This book celebrates the work of women artists around the globe. This is how they changed the world: with brush and canvas, bronze and clay, needle and thread, music and movement, lens and light, brick and blueprints. Our world is better because these wonderous workers dared to pursue their dreams and create beautiful and powerful works of art.¹
Do your work and don’t let anyone or anything stop you. Don’t do your work to please other people; do it to please yourself.
—Faith Ringgold, painter
Women artists challenge themselves creatively, through song, dance, sculpture, photography, painting, architecture, and other forms of art.
— Chapter 1 —
BRUSH AND CANVAS
Women have been painting fine art for centuries. A mere 50 years after Michelangelo painted the Sistine Chapel in 1508, Plautilla Nelli created a nearly life-size painting of The Last Supper. In the mid-1600s, when Rembrandt was creating masterworks like The Night Watch in Holland, Rachel Ruysch was painting exquisite still lifes for clients throughout Europe. Yet art history books failed to include most of the women who painted in the Italian Renaissance and the Dutch Golden Age.

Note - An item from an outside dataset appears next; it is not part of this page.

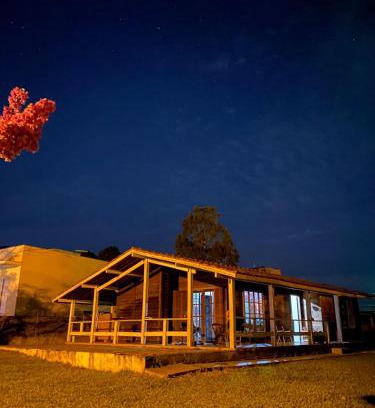 Sao Roque House | QUARTO Outono em Casa de Madeira no Alto da Serra - PetFriendly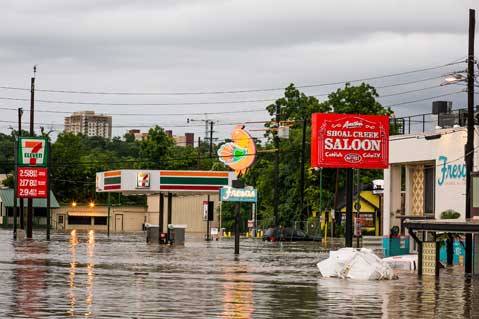 Texas Firms Regroup After Storms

The painters discussed here were fortunate. Though many of them had to defy society’s expectations to create art, they were working in the 20th and 21st centuries. The century that brought women the right to vote also brought new opportunities to create art with brush and canvas.
Georgia O’Keeffe (1887–1986)
Georgia O’Keeffe is recognized by many as the Mother of American Modernism.
She is best known for her paintings of natural objects such as enlarged flowers, leaves, and natural landscapes.
A young Wisconsin girl named Georgia O’Keeffe picked up a brush. She began painting the natural world around her. She painted her way into art schools in Chicago and New York, spending years imitating the style of master painters.
But it was all academic,
she remembered. We were taught to paint like somebody else. It made me not want to paint at all.
² For a while, she laid down her paintbrush.
Then she discovered the work of Arthur Dow, whose idea was to fill a space in a beautiful way.
She began painting in a bold, colorful, abstract style that enhanced what she saw in the natural world. She painted everything from flowers to skyscrapers in a daring, modernist style.
In 1929, O’Keeffe spent a summer in Ghost Ranch, New Mexico. She went looking for flowers to paint, but what she found instead were bleached animal bones. She loved their shapes. She painted them larger than life and often centered them over the desert horizon.
O’Keeffe made New Mexico her home in 1949. She would get up at 7 a.m. and drive her Model A Ford out across the countryside. She had removed the back seat so she could paint in the car, which gave her some relief from the fierce desert heat. People who knew her well said she loved working in New Mexico because she could be alone there.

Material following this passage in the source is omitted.